The Strand Publishes Long-Lost F. Scott Fitzgerald Story Rejected For Publication 76 Years Ago

Sometimes failure turns into success only many years after a person's death. This was the case for the story of famous, rebellious, trail-blazing author F. Scott Fitzgerald. The story had been rejected for publication in 1939, but 76 years later, it finally got published by The Strand Magazine.

The author himself might not be alive to rejoice over this belated victory over narrow-minded publishers, but fans of his powerful, raw prose surely can. The story "Temperature" can be found in the current print version of The Strand Magazine and will reportedly be available online in three months.

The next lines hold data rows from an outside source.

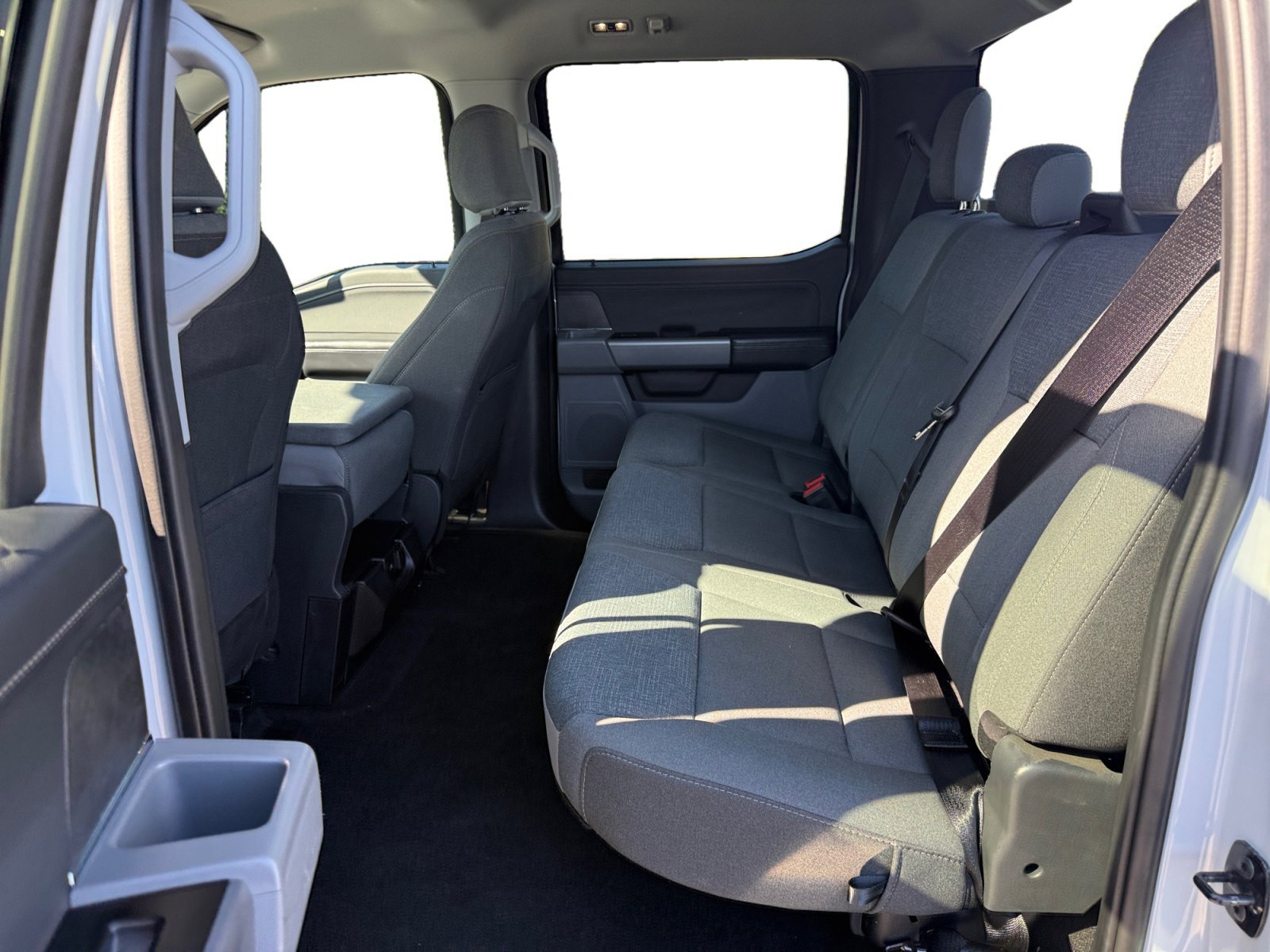 Certified Used 2025 White Metallic Ford XLT image 16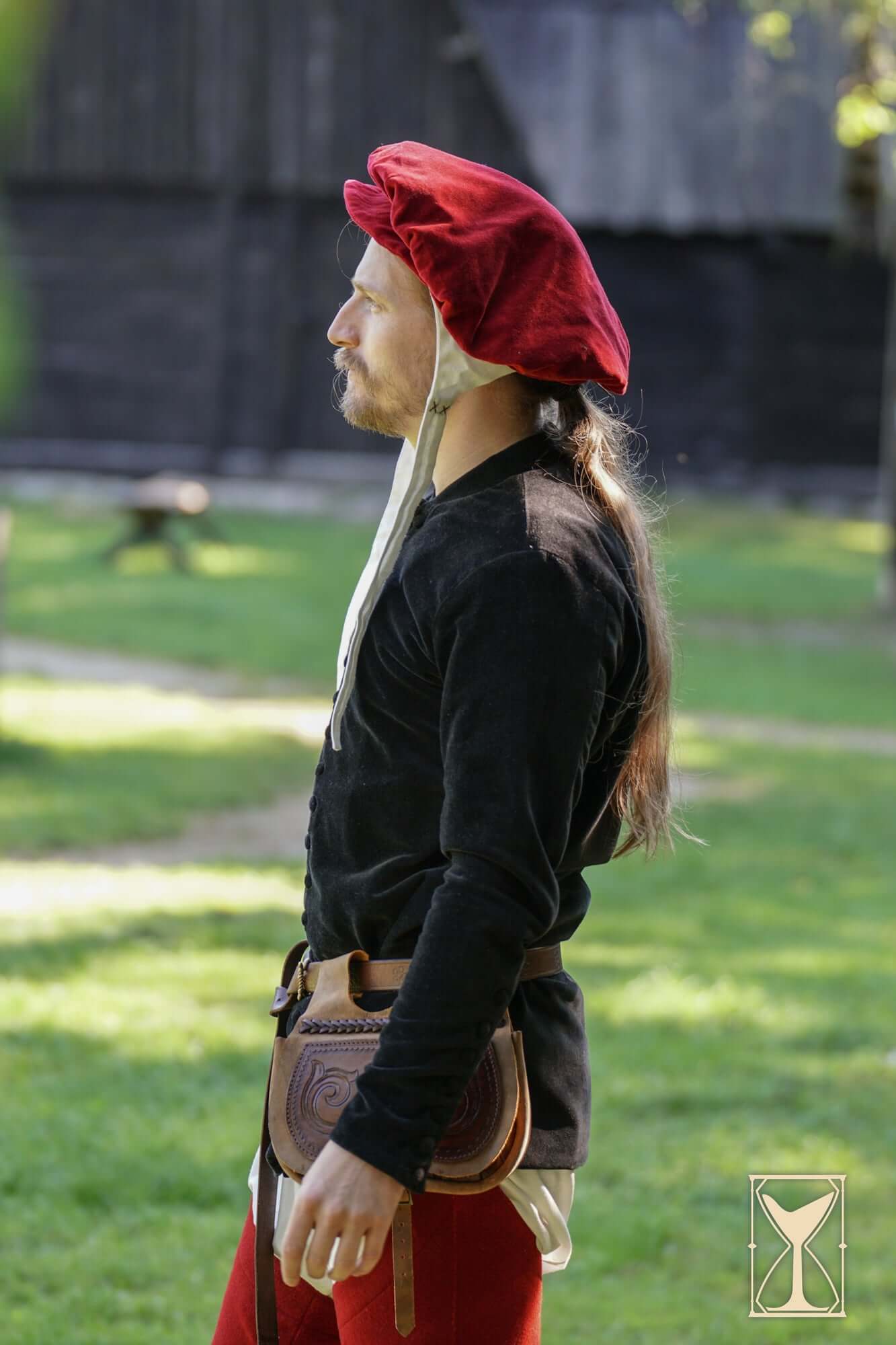Cotehardie Bonifacio worn by a man in a red hat, showcasing its sharp fit and stylish design in an outdoor setting.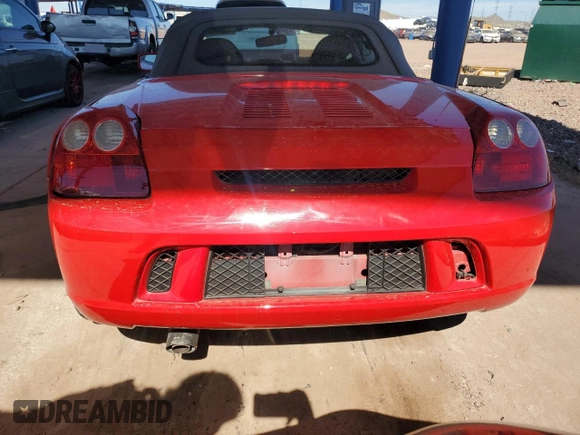 2004 Toyota MR2 z VIN JTDFR320840070477, wystawiony jako Copart lot #77913024 z przebiegiem 60 694 mil mil oraz Szkoda całkowita • Salvage title. Historia ofert i sprzedaży dostępna na DreamBid. Obrazek 6.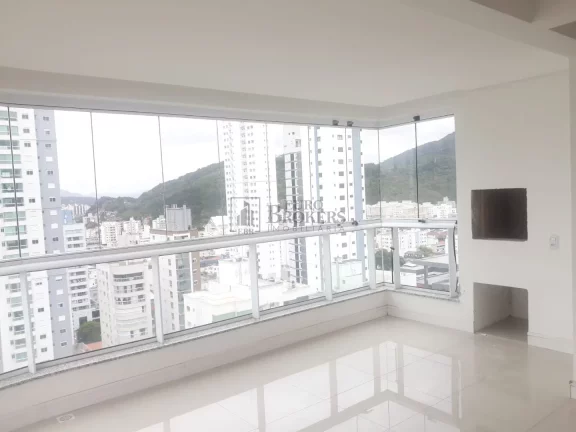Imagem Apartamento com 3 suítes à venda no Centro de Balneário Camboriú/SC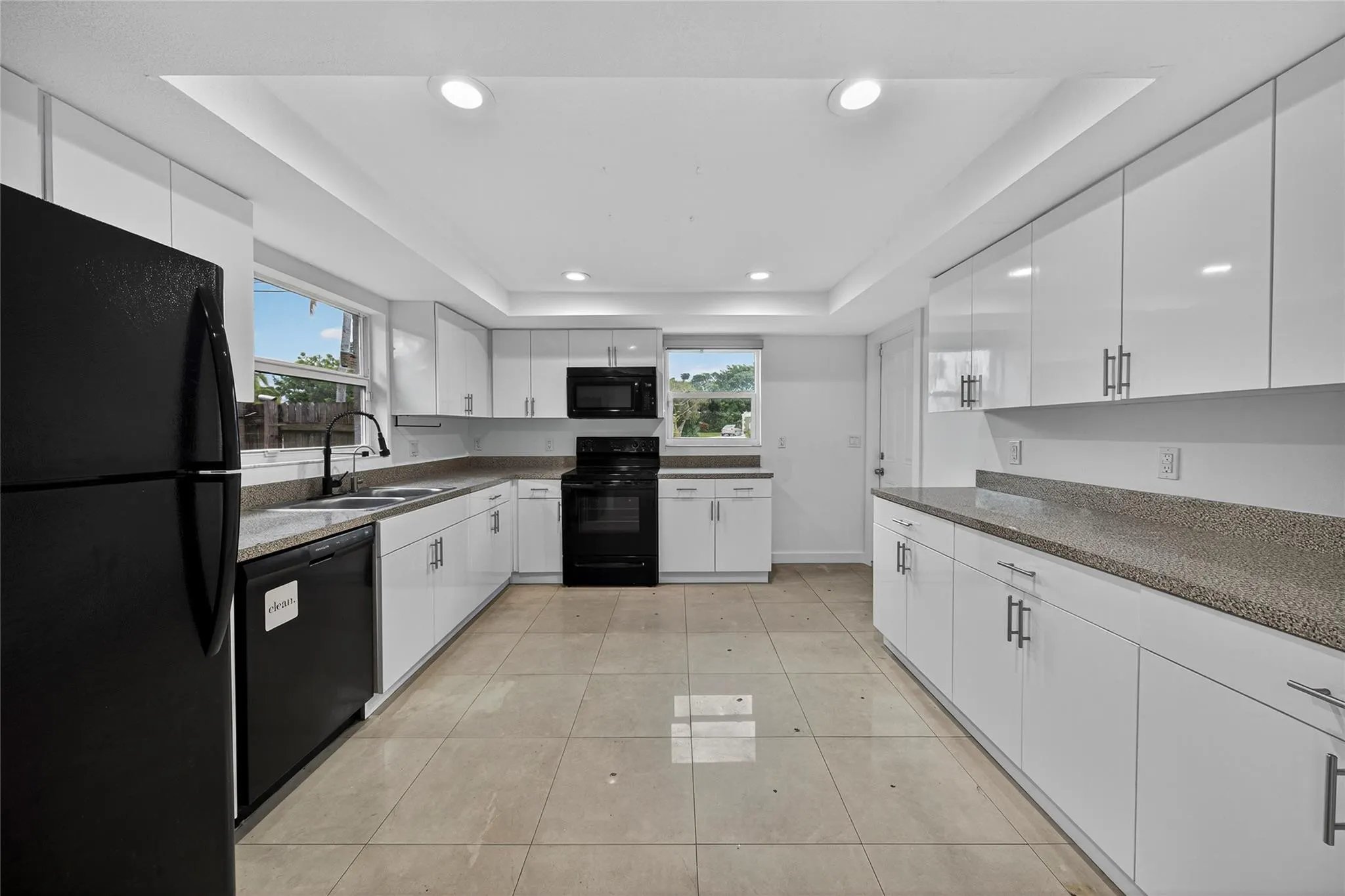 206 NW 5th Avenue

Fitzgerald had hit rock-bottom career-wise when he wrote this particular story. Trying to break into the scriptwriting market in Hollywood, he didn't make any headway, funds were running dangerously low, and The Saturday Evening Post had no interest in publishing "Temperature."

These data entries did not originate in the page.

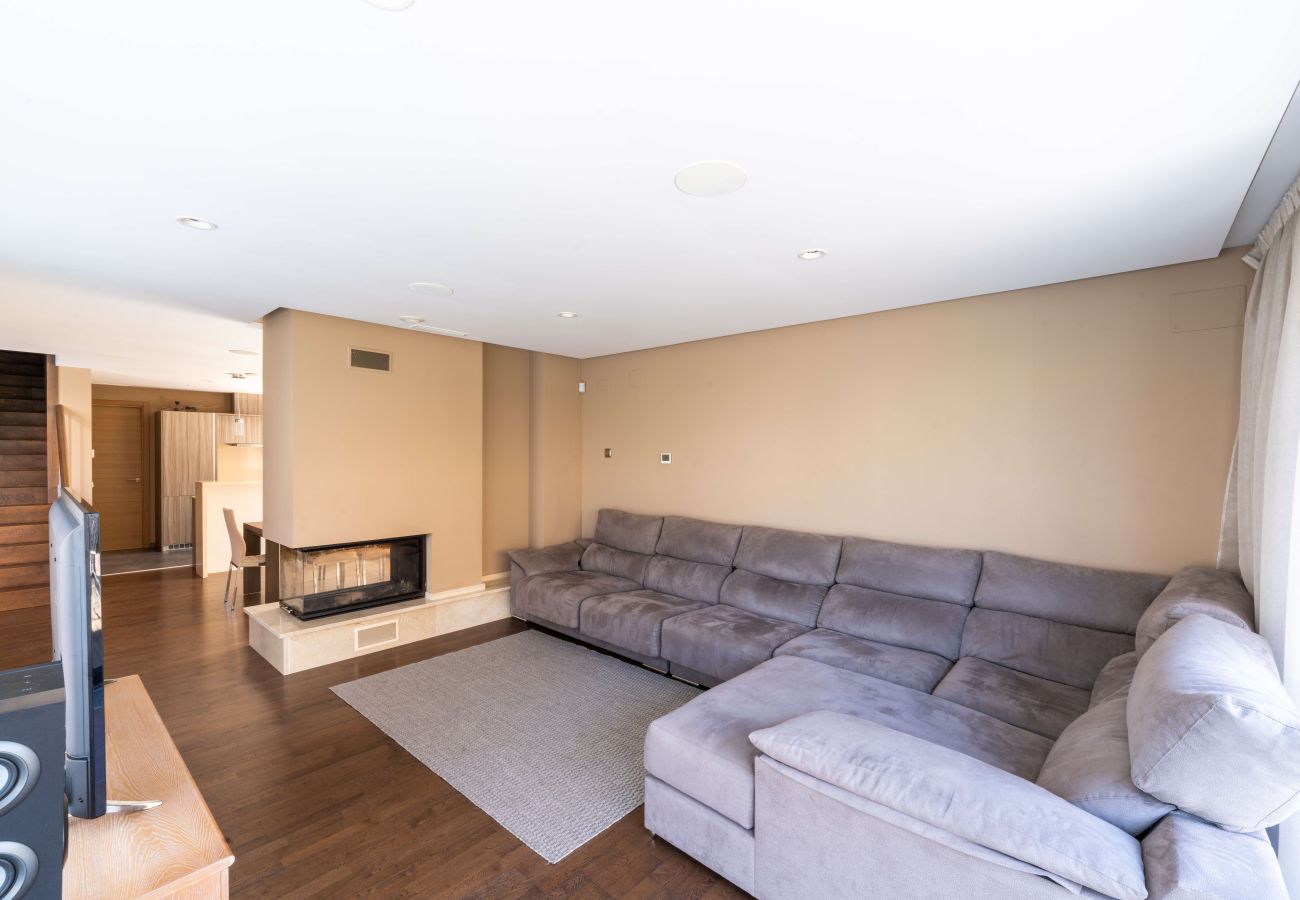 Villa en Oliva - Villa Beachside Retreat by ON Travel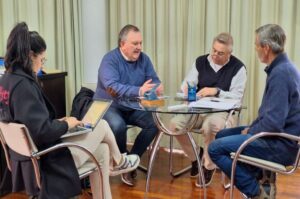 Durante la reunión también las autoridades ratificaron que los primeros días de agosto comienza la pavimentación de los accesos por calle Junín y La Paz entre Caseros y RP13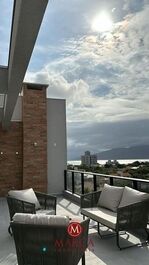 DX108 - COBERTURA DUPLEX EM EDIFICIO COM PISCINA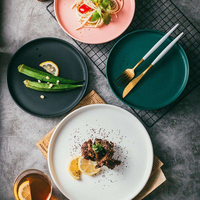 Assiettes plates modernes en céramique blanche mate, écologiques, en grès, pour restaurant, fabrication OEM/ODM en gros par l'usine chinoise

The 8,000-word highly autobiographical story then languished away in dusty drawers for 76 years and was widely believed to be lost; until the managing editor of The Strand Andrew F. Gulli came across it among some of F. Scott Fitzgerald's papers that are kept at Princeton University.

The story itself centers around a writer named Emmet Monsen, an alcoholic like Fitzgerald himself and struggling with failure in Los Angeles. As Fitzgerald personally added in a note: "No reference to any living character is intended - no use even trying that." This of course makes the story particularly juicy as it can give us greater insight into this troubled mastermind's inner workings and his life at the time. Truly a blast from the past.

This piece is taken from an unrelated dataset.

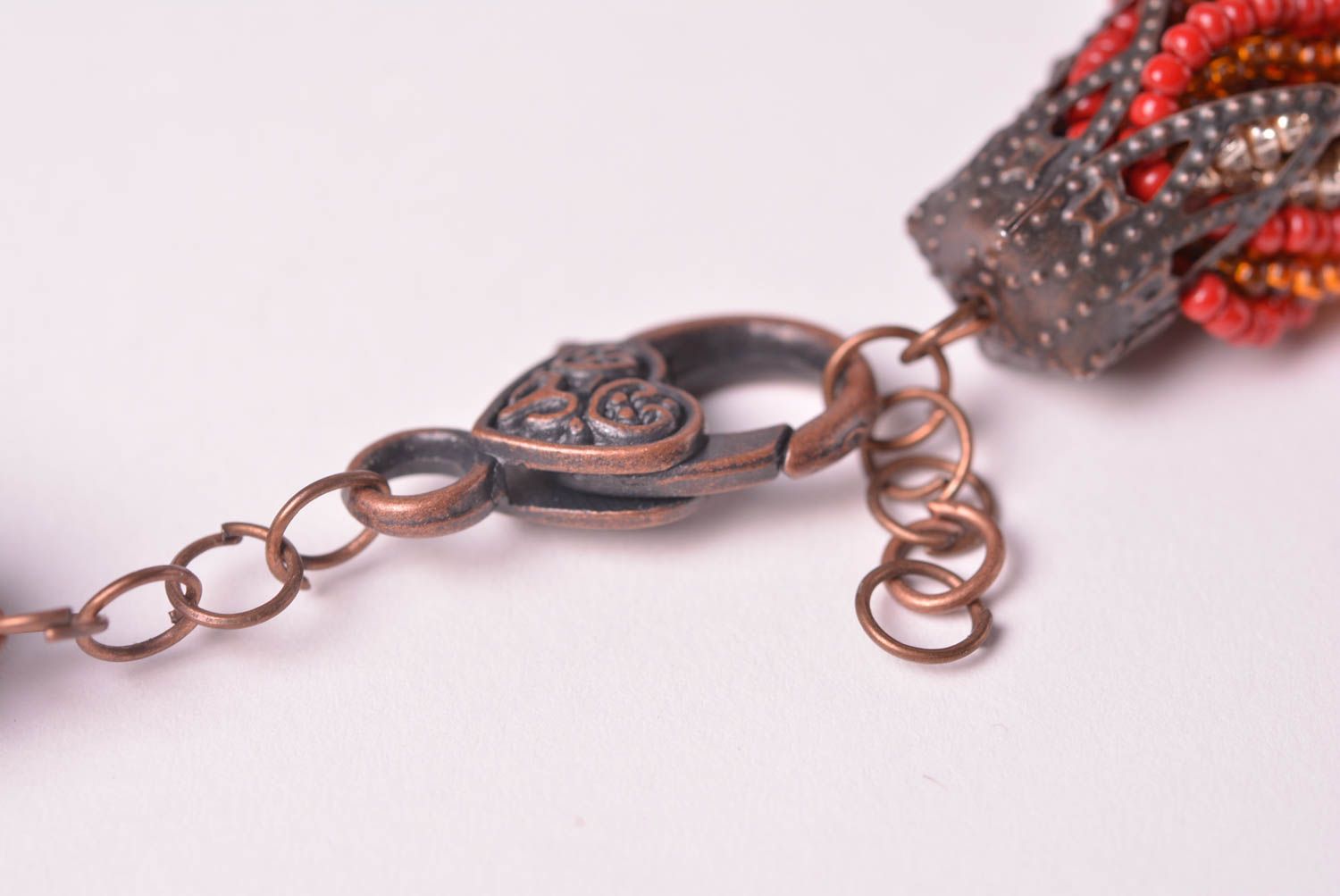 Колье из бисера украшение ручной работы стильное ожерелье из бисера в виде косы фото 5
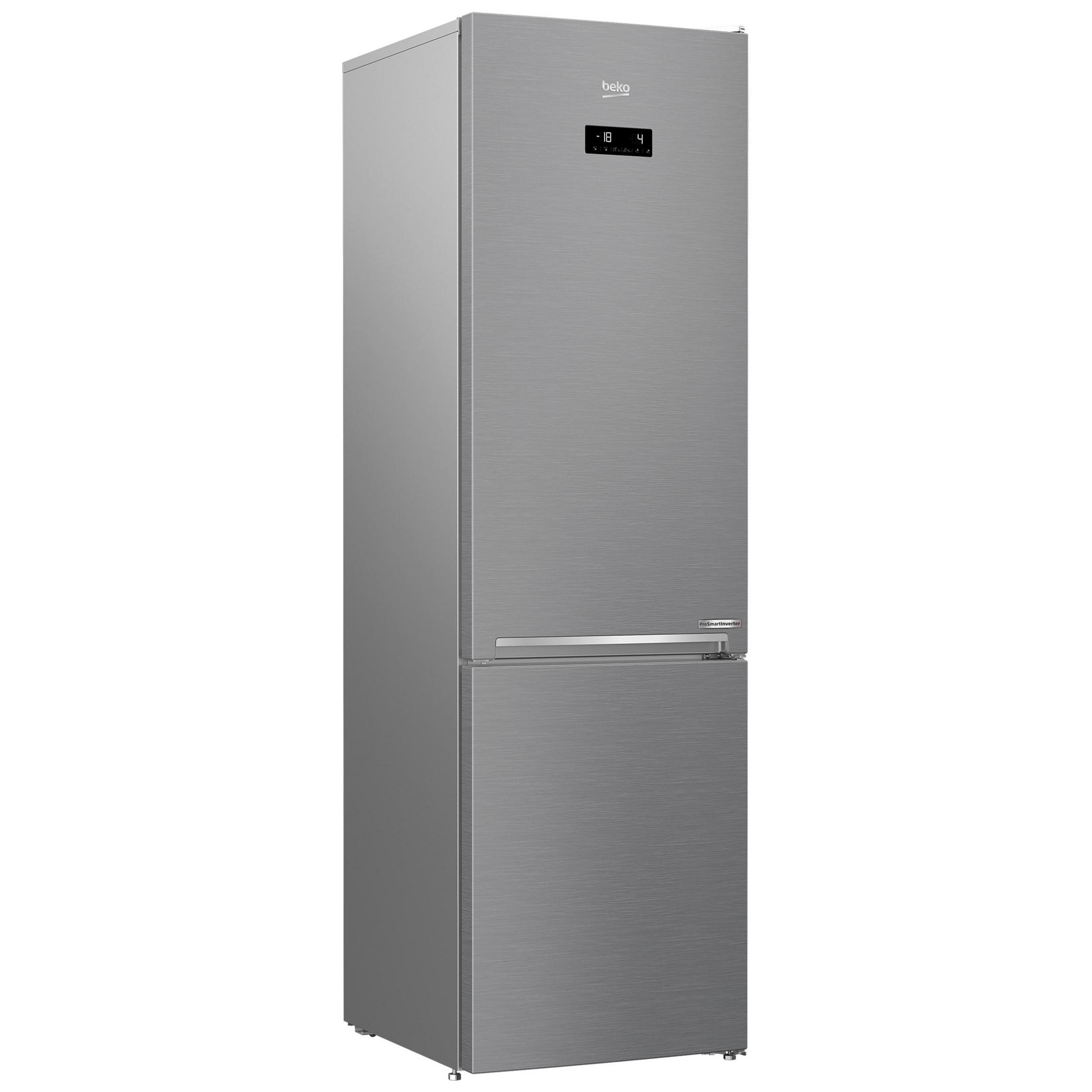 Un refrigerador plateado con congelador inferior. Tiene una pantalla digital en la puerta. Está de pie.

Another unpublished story of Fitzgerald's, "Thank You for the Light," was rediscovered a few years ago and, in a particularly satisfying twist, published by the very same magazine, The New Yorker, that had originally rejected it in 1936.

"Temperature" might not be the next "Great Gatsby" but we can't wait to do some time traveling and delve right into it and the raw, witty reality it possesses, bringing its author to live again in the mind of all us readers out here in the year 2015.